My mom, a devoted daughter of a Scottish immigrant - though her father was only 3 or so when the family left Scotland and arrived in New York, she was mostly raised by her Scottish grandfather and Granny - was very critical of the film, Braveheart. I was dismayed, as, like many, I absolutely loved it. The fantasy, the romance, the bravery, humor, the cause, the loss. Mel Gibson didn't hurt, either.

But mom found fault in a range of historic errors, conflations, and arrogant lack of accuracy. Nobody wore woad into battle by the time William Wallace was fighting; the kilt wasn't popularized until later; Wallace was an educated elite, not a man-of-the-people farmer. 

But, the movie resonated and was a major success, though it failed to win the writer the Academy Award many felt he deserved (and it did win Best Picture and Best Director for Mel). 

So I was hopeful that this book would contain more of that type of bold insight into the best of human kind and the the-hell-with-you righteous anger that many of us are beginning to feel as we watch the world set itself alight right now. 

It sort of does, yet largely does not.

It is more gentle, more aspirational, perhaps a little more defeated, and it calls upon the softer side of Christianity that perhaps Braveheart might represent.

The author has simply set out to chat with us, the readers, as he lays out his life experiences and explains why he chose Christ as the source of strength and purpose. He doesn't get into the nitty-gritty of his life's details, but rather glosses over them, hinting at the moments of despair and sorrow that followed whatever those particulars might have been (we know his marriage broke up, and that it was a major set-back - but we never learn how or why, for example). He thanks his parents for their examples, and makes sure we know that neither was perfect, but good enough to do as a parent should in raising a child. We know that he has good friends who aided him when it was needed. We know that he had failures, took crazy chances, and followed his heart.

He seems almost reluctant to carry on too much about the face that he was not only the driving force behind Braveheart, but that he has We Were Soldiers, Secretariat, and The Man in the Iron Mask to his Hollywood credits, as well. Not bad. 

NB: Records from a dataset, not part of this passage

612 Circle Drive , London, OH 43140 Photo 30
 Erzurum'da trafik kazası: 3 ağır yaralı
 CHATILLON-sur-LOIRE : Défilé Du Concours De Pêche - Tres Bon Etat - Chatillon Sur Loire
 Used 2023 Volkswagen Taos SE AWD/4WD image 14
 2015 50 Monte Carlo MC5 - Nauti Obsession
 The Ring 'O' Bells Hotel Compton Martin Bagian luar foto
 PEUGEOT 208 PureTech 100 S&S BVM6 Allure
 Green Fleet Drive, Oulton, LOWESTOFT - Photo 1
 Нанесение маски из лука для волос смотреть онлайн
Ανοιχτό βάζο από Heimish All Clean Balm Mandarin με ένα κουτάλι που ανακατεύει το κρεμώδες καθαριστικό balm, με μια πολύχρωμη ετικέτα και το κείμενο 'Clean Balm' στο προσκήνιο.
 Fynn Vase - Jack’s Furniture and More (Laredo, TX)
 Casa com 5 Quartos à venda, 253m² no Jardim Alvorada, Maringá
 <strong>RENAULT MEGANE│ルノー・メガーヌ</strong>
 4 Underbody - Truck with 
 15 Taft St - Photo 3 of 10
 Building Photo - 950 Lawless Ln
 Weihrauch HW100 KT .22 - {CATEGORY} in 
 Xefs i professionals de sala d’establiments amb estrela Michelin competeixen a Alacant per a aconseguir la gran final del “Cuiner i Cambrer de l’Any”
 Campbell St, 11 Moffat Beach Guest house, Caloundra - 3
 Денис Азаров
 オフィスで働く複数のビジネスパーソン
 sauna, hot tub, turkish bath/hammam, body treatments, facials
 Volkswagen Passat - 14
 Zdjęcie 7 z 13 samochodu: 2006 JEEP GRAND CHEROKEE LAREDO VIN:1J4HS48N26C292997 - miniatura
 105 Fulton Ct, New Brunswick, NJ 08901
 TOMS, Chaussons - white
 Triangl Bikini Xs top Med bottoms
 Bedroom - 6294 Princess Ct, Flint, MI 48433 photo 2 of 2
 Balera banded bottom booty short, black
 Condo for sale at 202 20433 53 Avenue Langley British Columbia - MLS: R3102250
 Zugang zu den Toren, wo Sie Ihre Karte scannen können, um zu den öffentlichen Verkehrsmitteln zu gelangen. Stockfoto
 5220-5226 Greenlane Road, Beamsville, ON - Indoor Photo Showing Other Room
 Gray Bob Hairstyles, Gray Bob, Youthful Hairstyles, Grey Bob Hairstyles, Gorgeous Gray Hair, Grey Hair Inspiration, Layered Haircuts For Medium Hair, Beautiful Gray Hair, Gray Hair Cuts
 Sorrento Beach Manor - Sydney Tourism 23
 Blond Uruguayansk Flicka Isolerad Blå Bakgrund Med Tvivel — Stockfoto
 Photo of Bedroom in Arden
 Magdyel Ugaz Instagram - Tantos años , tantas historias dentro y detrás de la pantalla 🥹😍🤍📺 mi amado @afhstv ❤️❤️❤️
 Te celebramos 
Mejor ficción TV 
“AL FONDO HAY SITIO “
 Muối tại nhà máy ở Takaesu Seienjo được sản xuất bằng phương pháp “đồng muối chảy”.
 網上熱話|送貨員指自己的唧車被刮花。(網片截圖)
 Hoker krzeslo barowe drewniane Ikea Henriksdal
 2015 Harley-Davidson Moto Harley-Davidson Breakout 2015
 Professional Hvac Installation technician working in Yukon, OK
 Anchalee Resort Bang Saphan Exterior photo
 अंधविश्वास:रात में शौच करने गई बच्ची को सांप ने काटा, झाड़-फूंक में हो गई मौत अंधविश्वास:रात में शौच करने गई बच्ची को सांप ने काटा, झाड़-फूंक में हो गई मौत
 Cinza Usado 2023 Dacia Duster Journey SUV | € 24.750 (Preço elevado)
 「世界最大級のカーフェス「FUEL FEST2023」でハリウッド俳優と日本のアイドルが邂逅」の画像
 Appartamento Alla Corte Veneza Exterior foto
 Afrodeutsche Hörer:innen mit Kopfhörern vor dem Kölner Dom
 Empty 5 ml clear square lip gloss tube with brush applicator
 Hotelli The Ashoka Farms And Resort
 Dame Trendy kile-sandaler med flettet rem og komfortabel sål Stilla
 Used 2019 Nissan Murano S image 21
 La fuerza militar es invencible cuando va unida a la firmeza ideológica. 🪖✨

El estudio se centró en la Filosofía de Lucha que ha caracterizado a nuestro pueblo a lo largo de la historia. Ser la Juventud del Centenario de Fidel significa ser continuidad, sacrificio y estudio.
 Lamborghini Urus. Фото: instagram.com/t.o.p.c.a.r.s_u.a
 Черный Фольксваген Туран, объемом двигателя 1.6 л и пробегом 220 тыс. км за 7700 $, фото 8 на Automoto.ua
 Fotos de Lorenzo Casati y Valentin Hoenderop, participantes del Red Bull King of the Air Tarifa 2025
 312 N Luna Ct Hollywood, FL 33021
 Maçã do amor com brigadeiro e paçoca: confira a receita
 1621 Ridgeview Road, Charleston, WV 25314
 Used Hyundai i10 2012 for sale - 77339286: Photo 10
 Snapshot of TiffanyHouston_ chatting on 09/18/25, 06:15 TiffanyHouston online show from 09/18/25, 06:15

He does succeed in painting a portrait of a man who has both been humbled by life, and who remains humble in spite of his highly productive and successful life. And perhaps above all, the humility is his clear testament to the power of his faith in his life. That such a successful and notable person can still take the time, however brief, to counsel all of us on remaining steadfast and humble, is his demonstration that it's possible. He did it.